__About this exercise__:
Could you write out the line containing "Музокироти намояндагони  парлумонҳои" and all the lines below it in the data, exactly, through the final one and nothing else?

[Records from a dataset]
=======
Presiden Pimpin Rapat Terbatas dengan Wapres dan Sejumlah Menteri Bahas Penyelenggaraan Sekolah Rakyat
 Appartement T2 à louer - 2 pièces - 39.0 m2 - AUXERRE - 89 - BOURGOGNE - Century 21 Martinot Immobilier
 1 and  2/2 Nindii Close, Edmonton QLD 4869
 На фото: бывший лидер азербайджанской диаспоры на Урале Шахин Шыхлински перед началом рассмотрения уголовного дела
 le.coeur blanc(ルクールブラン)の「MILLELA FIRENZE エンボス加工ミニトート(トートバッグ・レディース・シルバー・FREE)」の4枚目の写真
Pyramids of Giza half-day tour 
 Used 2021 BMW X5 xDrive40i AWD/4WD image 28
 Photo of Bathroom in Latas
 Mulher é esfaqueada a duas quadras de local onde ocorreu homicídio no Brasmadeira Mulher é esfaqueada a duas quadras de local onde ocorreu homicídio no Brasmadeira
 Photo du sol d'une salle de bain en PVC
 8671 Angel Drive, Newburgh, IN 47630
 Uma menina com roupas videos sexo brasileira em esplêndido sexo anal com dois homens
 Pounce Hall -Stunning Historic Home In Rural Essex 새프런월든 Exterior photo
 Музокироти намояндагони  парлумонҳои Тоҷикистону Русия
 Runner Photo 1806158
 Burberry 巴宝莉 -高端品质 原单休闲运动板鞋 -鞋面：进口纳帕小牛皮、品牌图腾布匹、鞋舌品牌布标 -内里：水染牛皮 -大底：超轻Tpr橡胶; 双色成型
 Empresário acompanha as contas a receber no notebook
=======
__Response__:
 Музокироти намояндагони  парлумонҳои Тоҷикистону Русия
 Runner Photo 1806158
 Burberry 巴宝莉 -高端品质 原单休闲运动板鞋 -鞋面：进口纳帕小牛皮、品牌图腾布匹、鞋舌品牌布标 -内里：水染牛皮 -大底：超轻Tpr橡胶; 双色成型
 Empresário acompanha as contas a receber no notebook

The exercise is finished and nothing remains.